Will be very interested to see the progress. Moving soon to and will have a garage again after 2 years with just a carport. Looking into lights, floor and cabinets in advance. Good luck!!


----------



## olionabike (Feb 1, 2017)

chongo said:


> What's that lurking on the third shelf in the back ground:doublesho
> 
> Is that the new flex polishing machine :lol::lol:


A gift from my mother about 3 years ago, never! I repeat NEVER throw away a gift from your mum, it will bite you in the **** one day  comes in handy actually for polishing kitchen cabinets 

Sent from my iPhone using Tapatalk


----------



## olionabike (Feb 1, 2017)

Derek-Eddleston said:


> While it's at the bare bones stage, I'd add more double power sockets so that you can avoid extension cables and trailing leads.

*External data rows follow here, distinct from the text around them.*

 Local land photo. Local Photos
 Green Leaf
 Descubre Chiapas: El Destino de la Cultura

Yeah that's the plan, one extra on each side wall 

Sent from my iPhone using Tapatalk


----------



## olionabike (Feb 1, 2017)

montana said:


> Very nice car too. What size is your garage ?
> 
> How do you find it size wise for working on / cleaning the car ?
> 
> Looking to move myself and finding that a single garage will come in many shapes and sizes so keen to hear some real world experience.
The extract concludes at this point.